Barcelona Universitari Club
- Founded: 1929; 97 years ago
- Location: Barcelona, Catalonia, Spain
- Ground: La Foixarda
- President: Ramon Salinas
- Coach: Arturo Trenzano
- League: División de Honor B
| 1st kit | 2nd kit |

= Barcelona Universitari Club =

Spanish rugby union club, based in Barcelona

Barcelona Universitari Club is a Catalan Spanish rugby union team based in Barcelona established in 1929. Between 2002 and 2009, the club signed a collaboration convenium with USA Perpignan.

==History==
===The beginning===
In 1929, a group of players from different clubs founded Rugby Club Universitario, with Ramón Eiximeno as chairman of the entity. Its first match was played on 25 December of the same year against another historic Catalan rugby club team, UE Santboiana. The following year, the club was incorporated to the Catalan Championship
In 1930 many of the Unión Deportiva de Estudiantes Católicos players were incorporated and the club changed name to Barcelona Universitari Club. The club became a multi-discipline sports club, where are practiced Track and field, boxing, tennis, equestrianism, etc. With the creation of Universidad Autónoma de Barcelona, in 1933, the club starts to depend from its Patronage, with August Pi i Sunyer, who was then the chairman of the Spanish Olympic Committee, as chairman. In this period were organised several tours abroad which gave prestige to the club.
In 1934 started the golden age of the club, which lasted until the outbreak of the Spanish Civil War. BUC became the Official Sports Organ of Universidad Autónoma. The following year, the club became the only representative organ of the university sports in Barcelona, and by extension, in Catalonia.

===Post-war===
After the war years, The reorganisation of BUC was planned. However, the opposition from the Francoist authorities, represented by the Youth Front and the University Students' Union made that this was not possible. These entities absorbed all the club's sections, as well as all its merits and documentation. In the late 1950s, the former founding players led by Zarraluqui and Ciscar, started the difficult task of raising the club. Several significant changes characterized this period: BUC changed its denomination to Barcelona Unión Club. The traditional club playing strip was changed from white to completely black uniforms. At this stage, the club limited its actions to the rugby section, with rugby union being the only sport currently practiced by the club.
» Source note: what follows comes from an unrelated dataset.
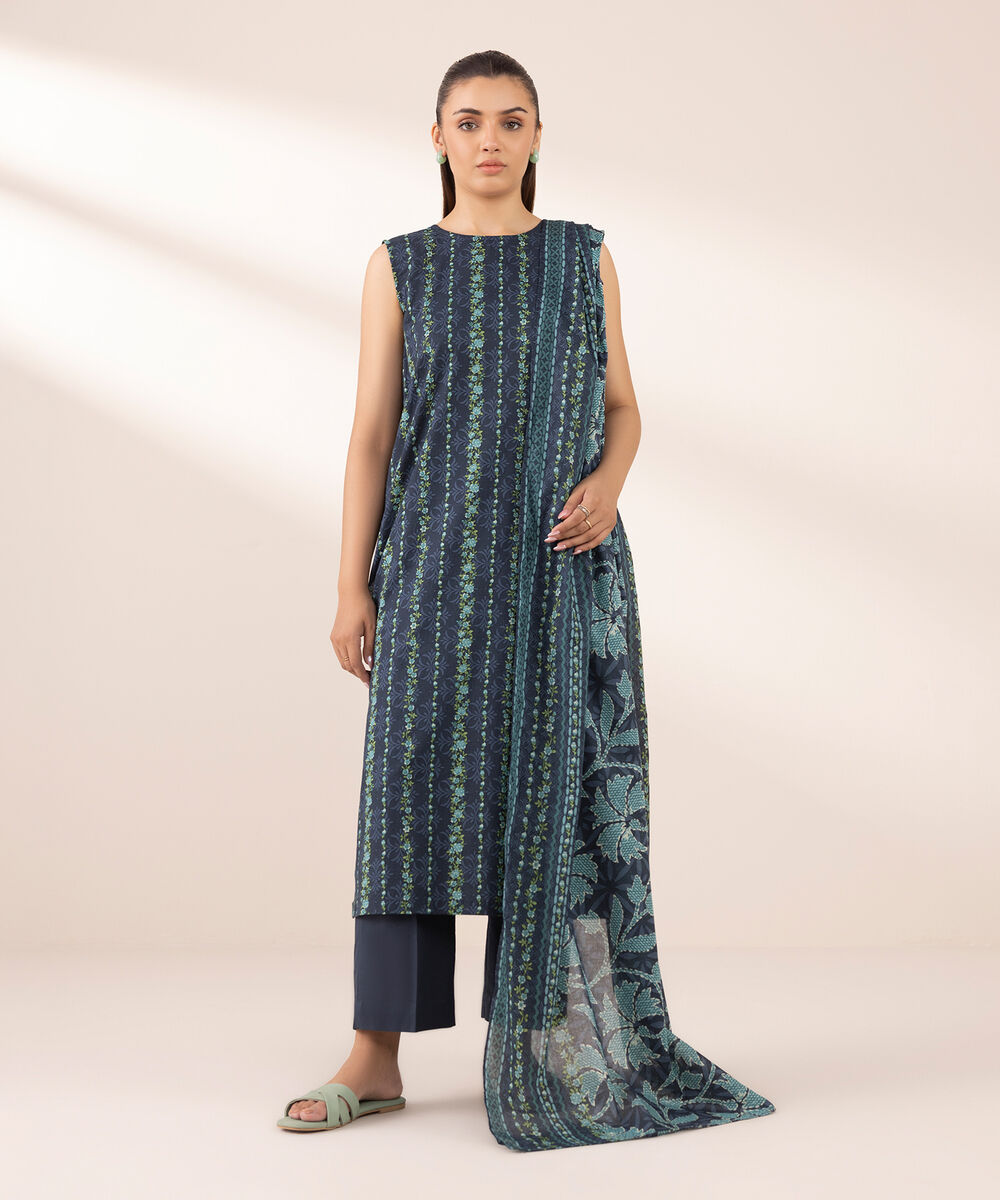 Fine Voile Blue Printed Dupatta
In the period between the 1950s and the 1960s, BUC, with Julio Zarraluqui as chairman, consolidated itself both in at institutional and sports level. The club ended two times runner-up of 2 ª División Nacional and achieved a championship title in the same category. The tours to Catalonia by foreign clubs were consolidated, as well as the participation of the club in tours was higher than the tours of any other team at the time, playing all over Europe, including the Eastern European countries. In this period the senior team was created.

In the late 1960s, a social location was inaugurated near the Port of Barcelona, whose function was to give the club a physical location. In 1971, a new stage in the club's life started, based on the grassroots work with the intention to create a roster which fed the senior teams in a near future, creating the youth team. In these years, after the death of Julio Zarraluqui, the chairman seat was passed to Kepa Uriarte.

===The Transition===
With the end of the Franco Regime, the club kept going forward and in 1979, two new sections were created: the women's team, which had a brief two-year period and the foundations for the future rugby school started to be laid. With the political changes consolidated in Spain, the club Catalanised its name, in order to return to its first name, Barcelona Universitari Club. With the promotion to División de Honor in the 1987 season, a new era of consolidation in the top category started, where the club managed to stay at the top division and became runner-up in Copa del Rey. The lesser level categories, nonetheless, managed to win several Catalan Championships and the women's section of the club was recreated.

===USAP-Barcelona===
In 2002, BUC signed a collaboration agreement with USA Perpignan. As a result of this agreement, the club took the name USAP-Barcelona and changed its uniform from the now traditional black strip to the yellow and red of the club from Perpignan. In these years, the definitive folding of the CN Montjuïc rugby section caused the arrival of several players with which the club took a new impulse. The section became the transition towards professionalism, achieving in 2005 a new promotion to División de Honor .

===Final years===
In 2007, the USAP-Barcelona project came to an end, also coinciding with the exit of many players, the club descended to the regional division. In this same year, with a group of very young players, BUC won the Catalan Championship without losing any match in the league, winning the promotion to Primera Nacional. However, BUC would not play in said category, as it achieved an administrative promotion and went back to División de Honor B, where it would play until the 2010-11 section.